Why doesn’t Dabo Swinney wait to see if we play football?
The once-unknown Clemson coach has made the ultimate sacrifice of reducing his income for the last 10 months of the current fiscal year to JUST $7,562,500.
Wow, Dabo, I can only come up with the Yiddish word “mensch” to describe you, which means a person of integrity and honor. Not really.
All Clemson employees who make $400,000 or more voluntarily join Dabo by taking a 10 percent pay cut.

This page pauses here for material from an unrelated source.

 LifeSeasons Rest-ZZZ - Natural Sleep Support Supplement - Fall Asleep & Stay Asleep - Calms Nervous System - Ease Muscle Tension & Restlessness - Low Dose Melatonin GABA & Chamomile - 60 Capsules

This sounds to me like the richest people in the world fighting against paying more taxes than they would ever miss.
The Clemson employee who has to give up 40 grand will suffer a lot more than Dabo losing only $687,500. What’s wrong with this picture?
Swinney, who should be grateful every day to Clemson for giving him the job 10 years ago, needs to wait to see if there is any football played and the total revenue lost. If the season is canceled, maybe he should work for a lot less than $7.5 mill to help cover the income shortfall.
Last year, Swinney signed a 10-year contract for $93 million, which annually is more than all 50 governors in the country combined. And the govs are working a lot harder these days against the virus than coaches who still don’t know whether their teams will play, and if so for how long. Meanwhile, other athletic employees take furlough days without pay, the number depending on how much they make.
If we want to air the other dirty laundry of Dabo’s deal, his buyout should he leave Clemson started at only $4 million and goes down to $1 million over the next four years. Except, there is one big exception. Should he leave Death Valley to go to his alma mater Alabama, he will pay an additional $5 million to break his contract. Big whoop!
Roy Williams has already given $600,000 to UNC to pay for the shortfall from suspended spring sports. And Ol’ Roy earns less than half of Dabo, with three national championships to his two. And I am sure Roy and Mack Brown and the other UNC athletic employees will sacrifice more once the university knows exactly what the damage is.